━━━ Supplied data ━━━

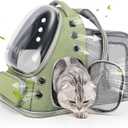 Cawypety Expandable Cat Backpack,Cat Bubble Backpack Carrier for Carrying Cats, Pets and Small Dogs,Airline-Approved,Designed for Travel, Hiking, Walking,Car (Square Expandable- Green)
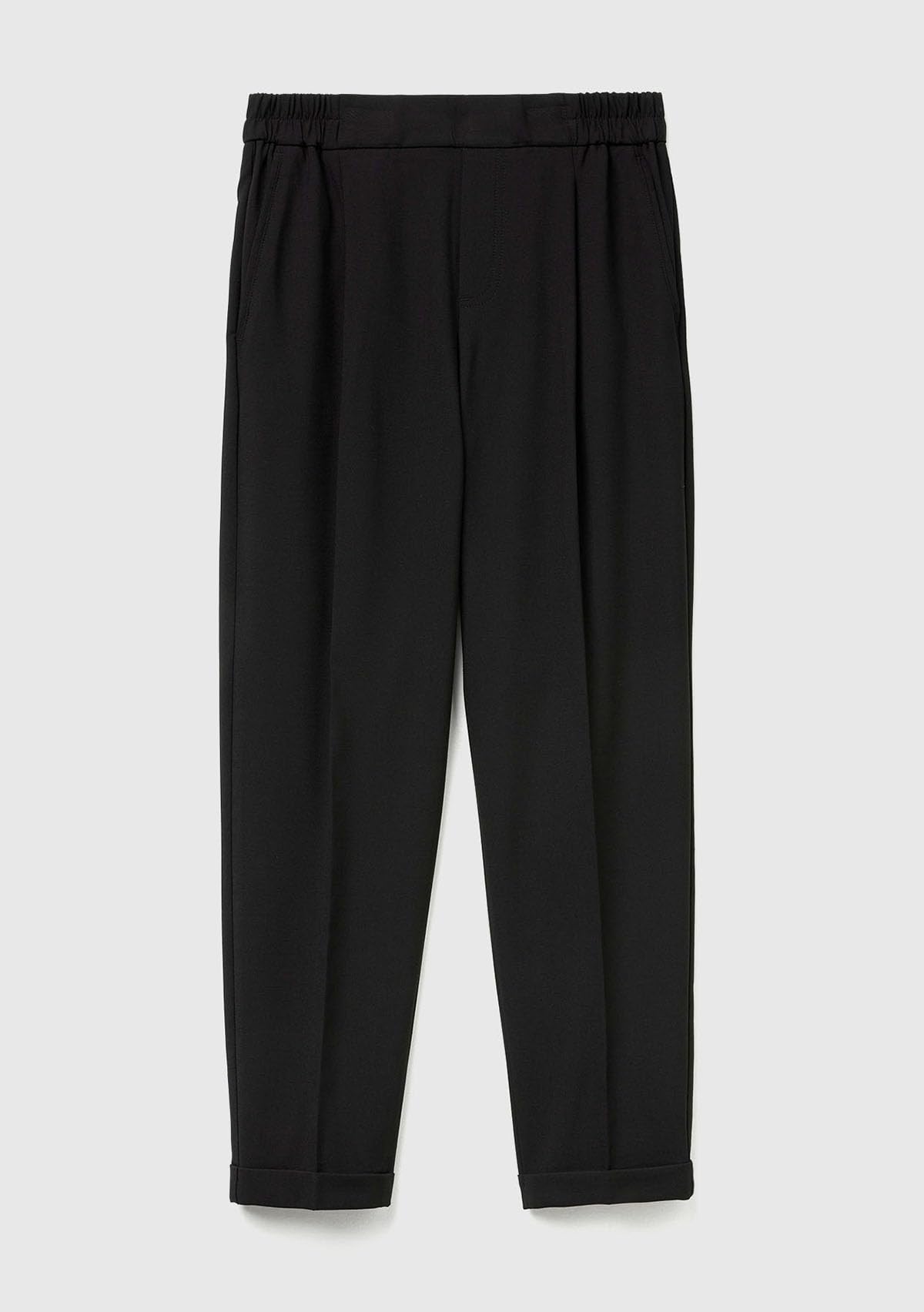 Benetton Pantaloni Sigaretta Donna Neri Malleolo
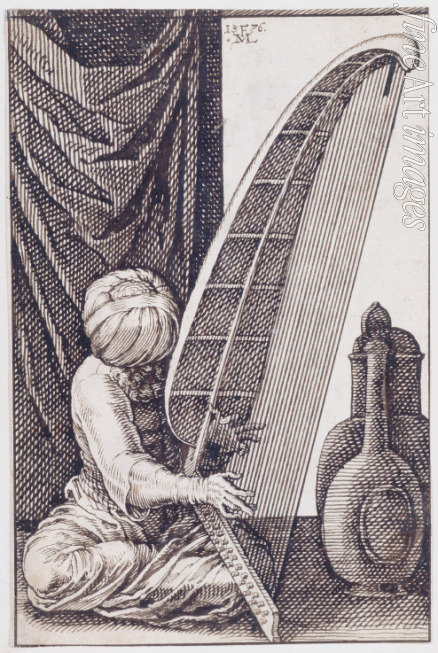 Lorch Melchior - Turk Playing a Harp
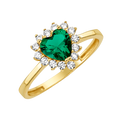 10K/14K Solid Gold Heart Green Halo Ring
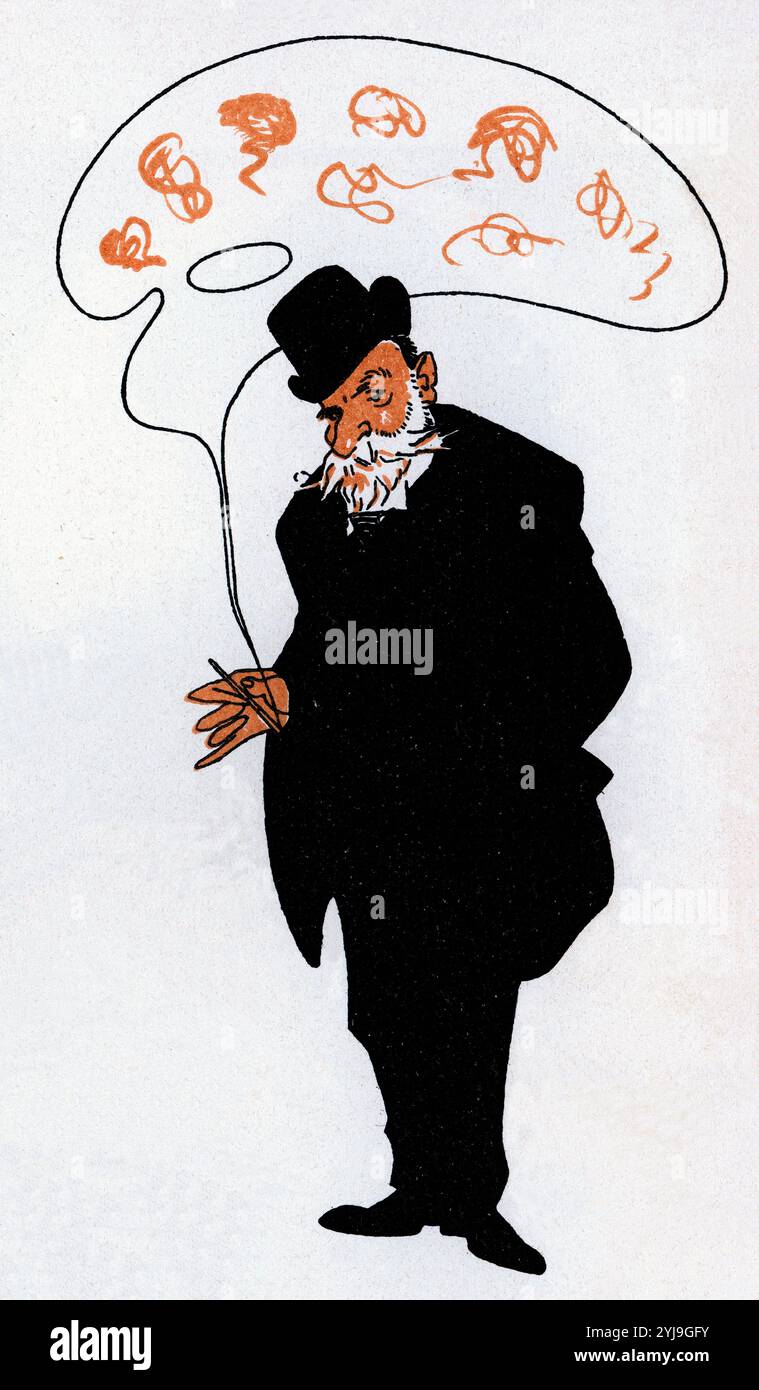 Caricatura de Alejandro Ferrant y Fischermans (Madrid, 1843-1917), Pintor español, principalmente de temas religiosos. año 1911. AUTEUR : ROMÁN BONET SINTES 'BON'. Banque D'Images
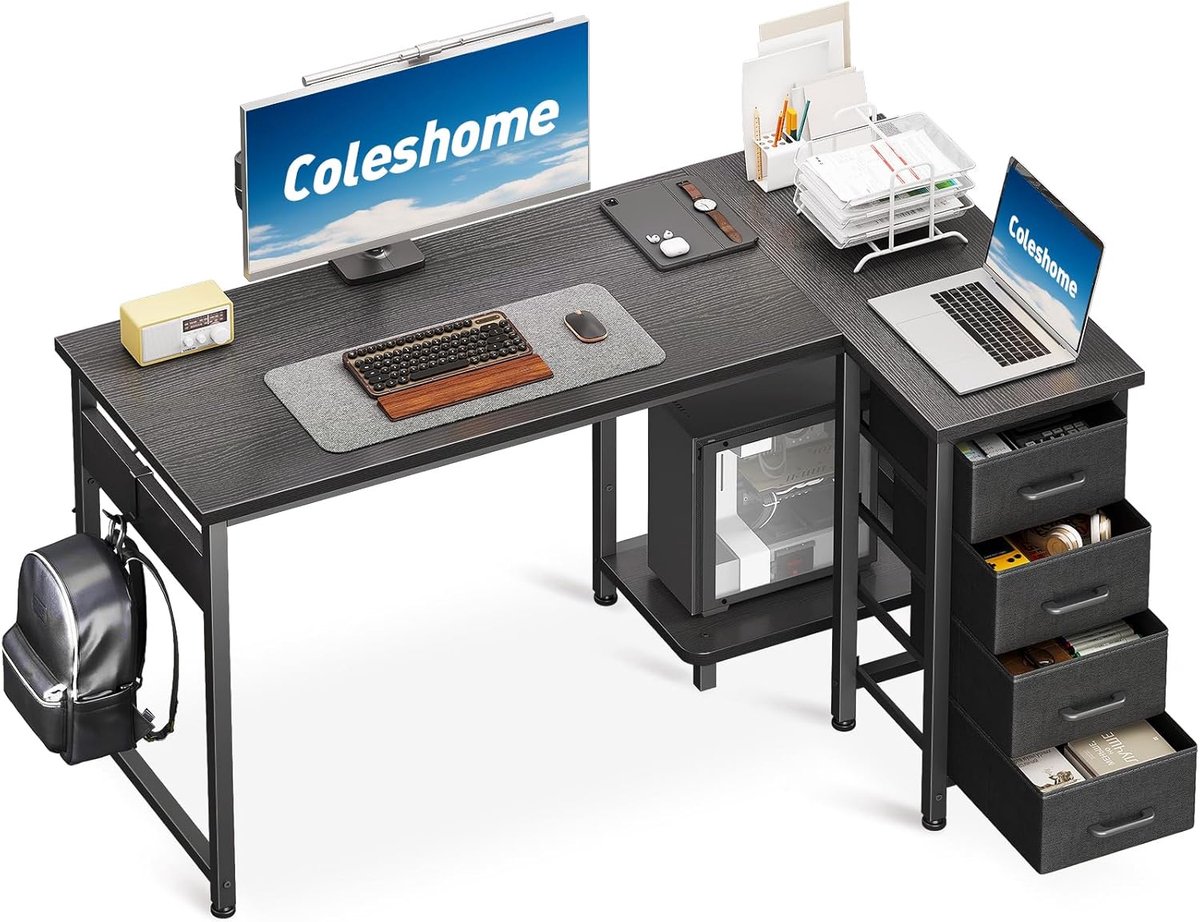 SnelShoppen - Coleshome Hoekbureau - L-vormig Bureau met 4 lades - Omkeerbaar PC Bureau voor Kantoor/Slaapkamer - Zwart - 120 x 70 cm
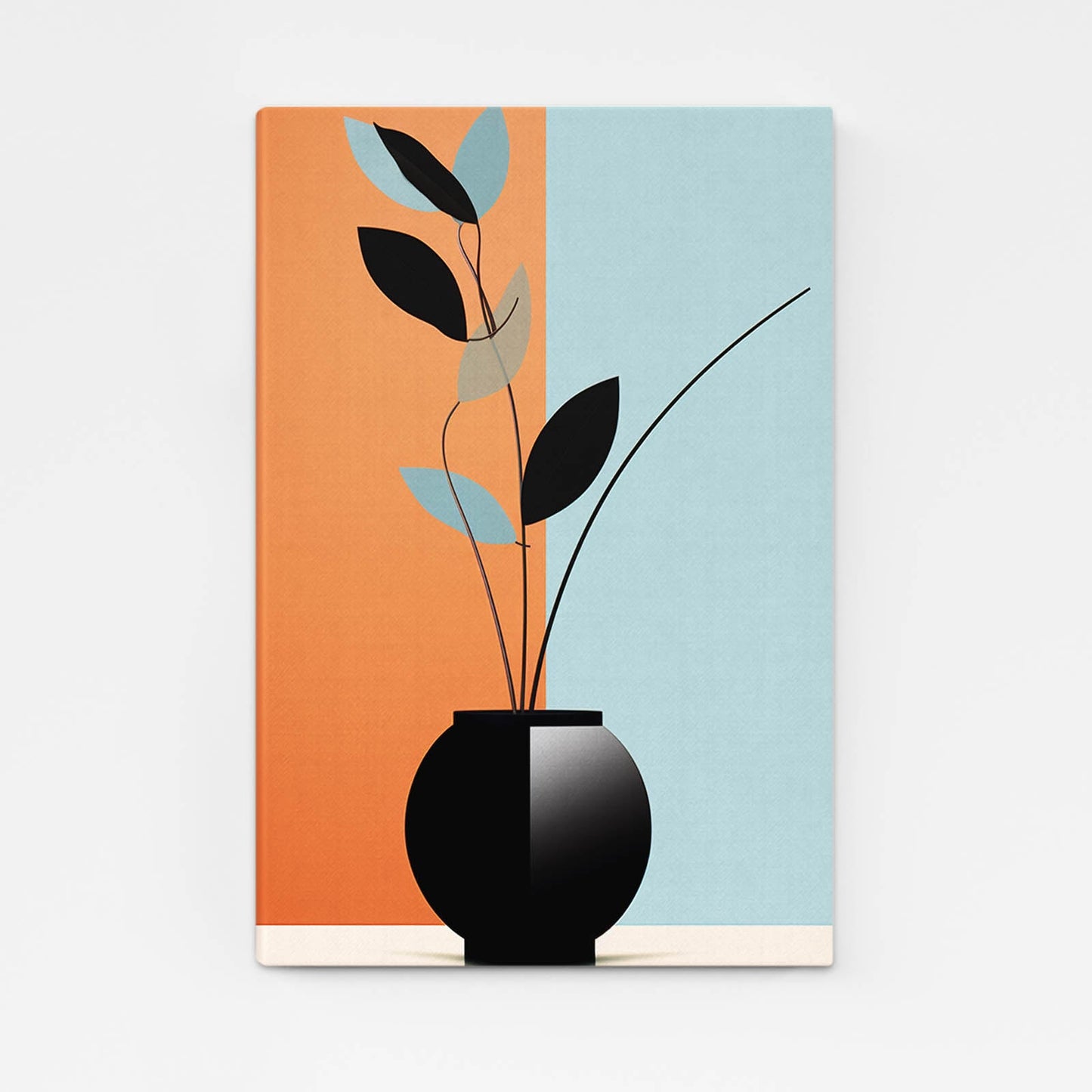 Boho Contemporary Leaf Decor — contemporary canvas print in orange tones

━━━

** Required work **
Would you write out the data exactly, with no pictures in the copy?

** Solution to the exercise **
 Cawypety Expandable Cat Backpack,Cat Bubble Backpack Carrier for Carrying Cats, Pets and Small Dogs,Airline-Approved,Designed for Travel, Hiking, Walking,Car (Square Expandable- Green)
 Benetton Pantaloni Sigaretta Donna Neri Malleolo
 Lorch Melchior - Turk Playing a Harp
 10K/14K Solid Gold Heart Green Halo Ring
 Caricatura de Alejandro Ferrant y Fischermans (Madrid, 1843-1917), Pintor español, principalmente de temas religiosos. año 1911. AUTEUR : ROMÁN BONET SINTES 'BON'. Banque D'Images
 SnelShoppen - Coleshome Hoekbureau - L-vormig Bureau met 4 lades - Omkeerbaar PC Bureau voor Kantoor/Slaapkamer - Zwart - 120 x 70 cm
 Boho Contemporary Leaf Decor — contemporary canvas print in orange tones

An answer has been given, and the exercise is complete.